Lower-risk direct reads:

  • listInboxNames
  • readMessages(sentMessages)
  • getMembers(metaMembers)
  • getState(kanban)

Run immediately in parallel.

Important nuance:

  • “light” here means “safe to start immediately”, not “guaranteed tiny”
  • if later profiling shows one of these is expensive, that becomes a follow-up patch

Why not one big Promise.all

  • too easy to turn one step failure into whole-snapshot failure
  • too easy to lose deterministic warnings
  • too easy to create uncontrolled disk contention
  • too easy to blur diagnostics and completion timing

Safer fallback if confidence drops during implementation

If implementation reveals unexpected complexity, the fallback patch is:

  • parallelize only the light group
  • keep heavy steps serial

This fallback has lower upside but even lower risk:

  • 🎯 7 🛡️ 10 🧠 3

Rule:

  • prefer shipping the light-group-only version over broadening the patch unsafely

Step Wrapper Design

Do not use scattered try/catch blocks inside concurrent branches.

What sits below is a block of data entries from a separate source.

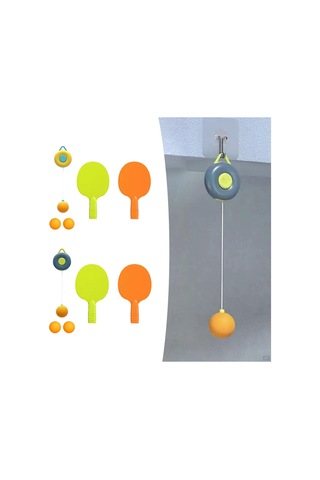 Sarı Asılı Masa Tenisi Eğitmeni Ebeveyn Çocuk Etkileşimi Oyuncak Uygulama Raket Topu İle Taşınabilir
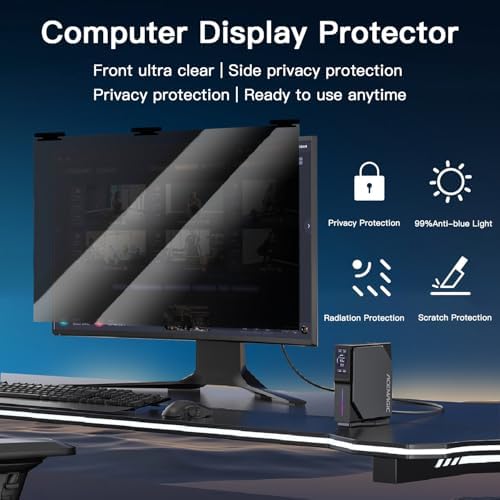 2Pack Magnetic Hanging Computer Privacy Screen 21.5'' for 16:9 Aspect Ratio - Image 6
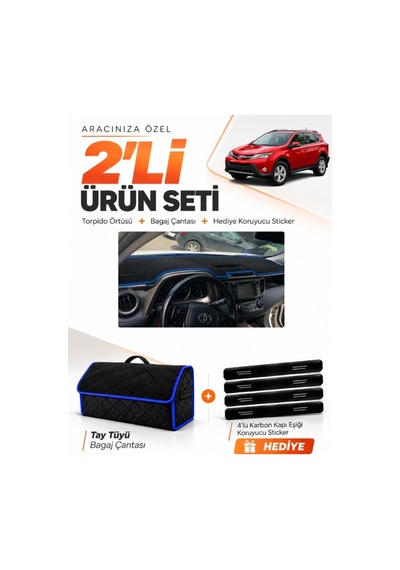 Toyota Rav4 2013-2018 Uyumlu Torpido Örtüsü + Tay Tüyü Bagaj Çantası + Sticker Seti - Siyah Mavi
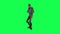 Animated man in blue suit and green pants playing guitar from right angle on green screen 3d people in chroma key isolated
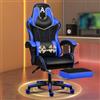 ALFORDSON Sedia Gaming Ergonomica Reclinabile con Cuscino Lombare e Cervicale,Sedia Gamer con Massaggio e Poggiapiedi Retrattile,Altezza Regolabile,Poltrona Ufficio Reclinabile 150°, Similpelle(Blu)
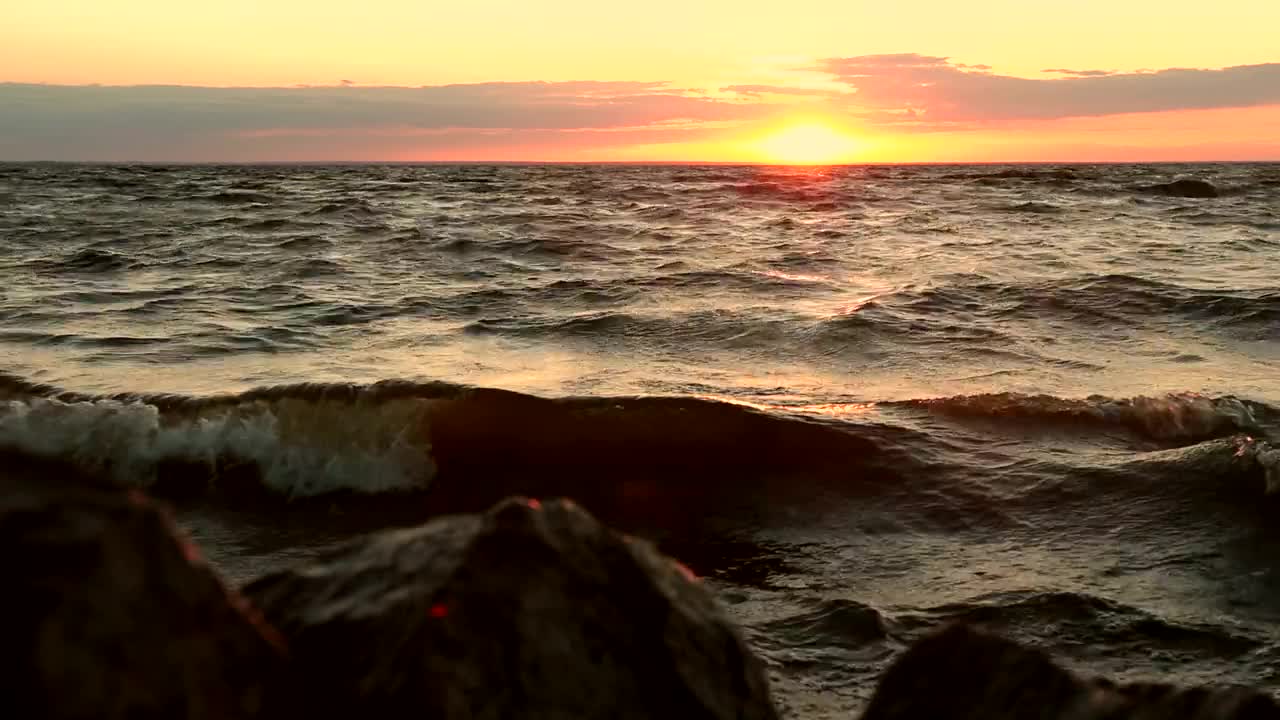 Stock Video Deep Waves And An Orange Sunset Live Wallpaper For PC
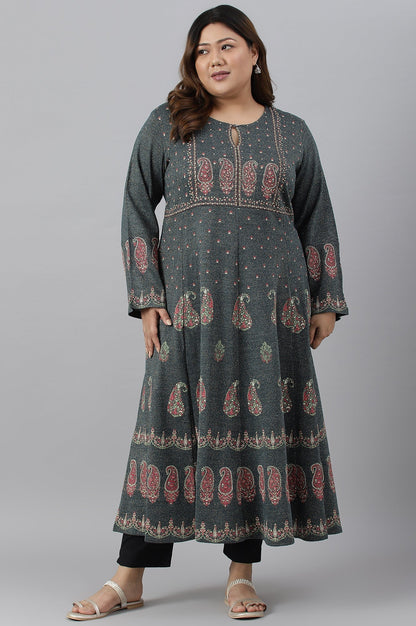 W for Woman Teal Printed A-Line Plus Size Winter kurta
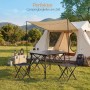 Sekey klappbarer Campingtisch aus Aluminium mit Stühlen vor Zelt auf Wiese.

Introduce a small local helper inside getTeamData() or a tiny private helper in TeamDataService.

Preferred contract:

interface StepResult<T> {
  value: T;
  warning?: string;
  completedAt: number;
}

function startReadStep<T>(options: {
  label: string;
  createFallback: () => T;
  warningText?: string;
  load: () => Promise<T>;
}): Promise<StepResult<T>>

Required semantics:

  • start the load immediately when invoked
  • never reject outward for expected step failures
  • convert both sync throws and async rejects into fallback + warning
  • always record completedAt
  • never mutate shared warning arrays internally
  • keep fallback and warning text explicit at the callsite
  • create fallback values only on failure

Additional rule:

  • warningText should remain a static literal at each callsite
  • do not compute warning text dynamically inside the helper

Why:

  • this patch must preserve wording exactly
  • dynamic warning construction would increase drift risk for no real benefit

Stronger rule:

  • the wrapped load closure should be a thin direct call to one reader/service method
  • do not put assembly logic inside the wrapper closure

Why:

  • broad closures increase the chance that a programming bug gets silently turned into fallback + warning
  • keeping closures thin confines masking behavior to the existing best-effort I/O boundary

Important constraint:

  • keep this helper local to the hot path
  • do not introduce a new shared generic abstraction in the same patch

Why:

  • this is a surgical performance patch
  • broad abstractions increase blast radius and review cost

Additional rule:

  • the helper must not inspect or transform returned values

Additional rule:

  • the helper must not mutate shared outer state such as warnings or marks

Why:

  • any normalization inside the helper would increase the chance of semantic drift
  • the helper should only control error capture and timing metadata

Additional rule:

  • fallback values must be created per step callsite
  • prefer createFallback() over passing a prebuilt object/array
  • do not reuse one module-level empty array or one shared default object between steps

Additional rule:

  • createFallback() must be synchronous, side-effect free, and trivial
  • if createFallback() itself throws, treat that as a programming bug, not an expected degraded read failure

Why:

  • arrays like messages, tasks, and sentMessages are later merged and sometimes mutated
  • shared fallback identity would make accidental aliasing harder to spot in tests
  • lazy fallback creation makes it harder to accidentally share the same object across successes and failures
  • allowing fallback factories to become “smart” would widen the masking boundary beyond the current design intent

Settlement rule

Because each step promise is designed to resolve with a StepResult<T> even on failure:

  • prefer Promise.all(stepPromises) over Promise.allSettled(stepPromises)

Why:

  • Promise.allSettled becomes redundant once the wrapper already settles failures
  • a second settlement layer makes the control flow harder to reason about
  • it increases the chance of accidentally swallowing a bug in the orchestration code itself

Additional rule:

  • do not add per-step logging inside the helper in phase 1

Why:

  • existing observability already relies on slow-log timing and final warnings
  • extra step-local logs would change noise characteristics while the patch goal is latency reduction

Diagnostics And Marks

Current mark(...) timestamps feed the slow log in TeamDataService.ts#L804.

Do not lose that.

Rule

  • each step still needs a mark timestamp
  • mark time should represent actual completion time
  • not “when we finally consumed the result later”

Practical approach

When a step settles, keep completedAt in the returned StepResult.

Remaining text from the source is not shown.